Memeleri sarkmış bir kadının meme ameliyatı sonucunda psikolojisi hatta ilişkisi kurtuluyor. Plastik cerrahi böyle başka nelere neden oluyor?

Konuştuğumuz ve dillendirmediğimiz bir tarafta işin seksüel tarafı. İçi boşalmış ve sarkmış bir memeye sahip bir kadının cinsel hayatı, dolgun ve diri bir memeye sahip kadının cinsel hayatına göre bazı handikaplar içerebilir. Bu eşiyle, sevgilisiyle, partneriyle bazı sorunlar oluşturabilir. O ortamda da kendisini özgün ve rahat hissedebilen bir kadının özel hayatı da bu anlamda çok daha iyi bir noktaya gidebilir. Yanlış anlaşılmaması gereken durum şu; bu işlemler bir duygu durumu bozukluğu ya da vücut algı bozukluğu gibi problemlere çözüm değil yani bir insanın mutluluk kaynağı değil, bu tip bir işlem doğru planlandığında gerçekten size olumlu bir katkı yapacaktır.

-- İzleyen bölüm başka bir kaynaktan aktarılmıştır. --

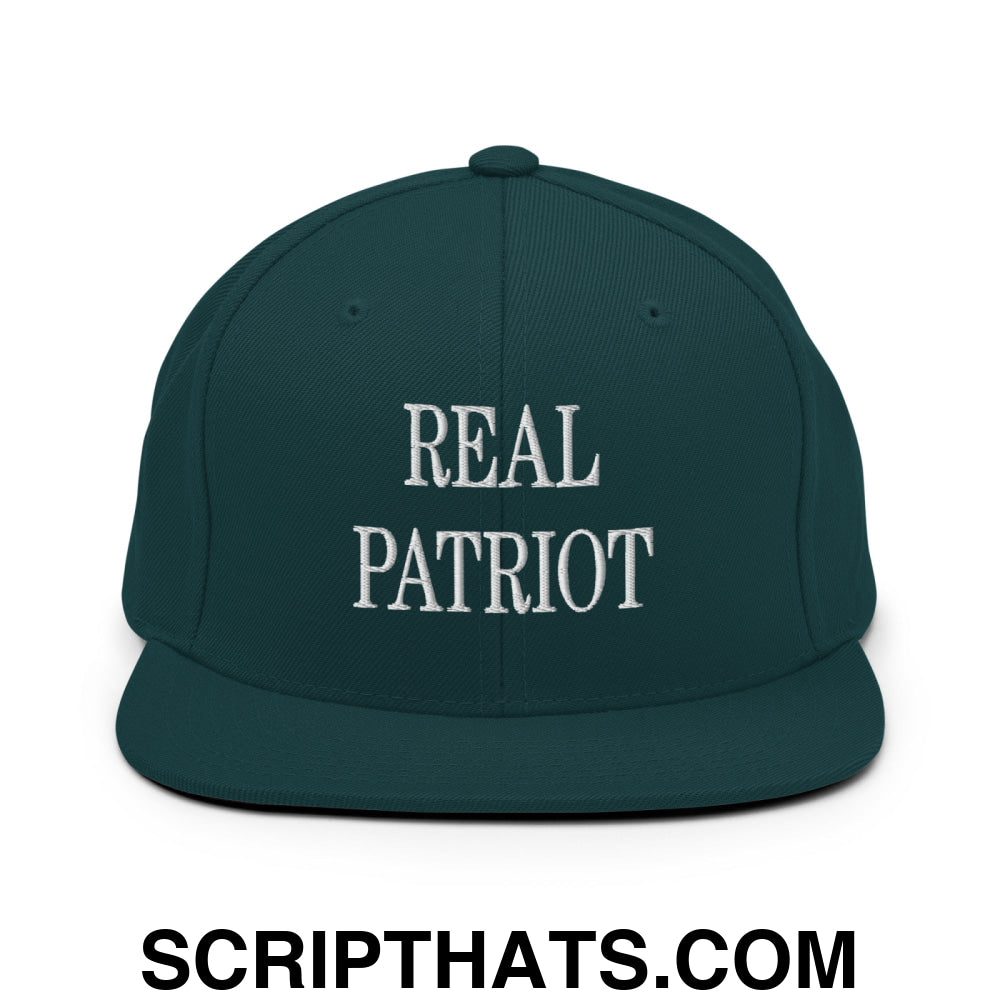 Real Patriot Embroidered Flat Bill Brim Snapback Hat Spruce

Plastik cerrahide yaratıcılık ve içgüdü önemli 

Siz bu alanı neden tercih ettiniz?

Plastik cerrahi çok ilginç ve fazla seçeneği olan bir alan. Ve bu kadar seçeneğin biraz da yaratıcılık ve içgüdüyle birleşebildiği belki de tıbbın tek alanı, onun için bu alan beni çok iyi ifade ediyor. Tekrar dünyaya gelseydim yine bu mesleği seçerdim. Mesleğim benim için bir tutku onun için mesleğimi seviyorum ve gurur duyuyorum.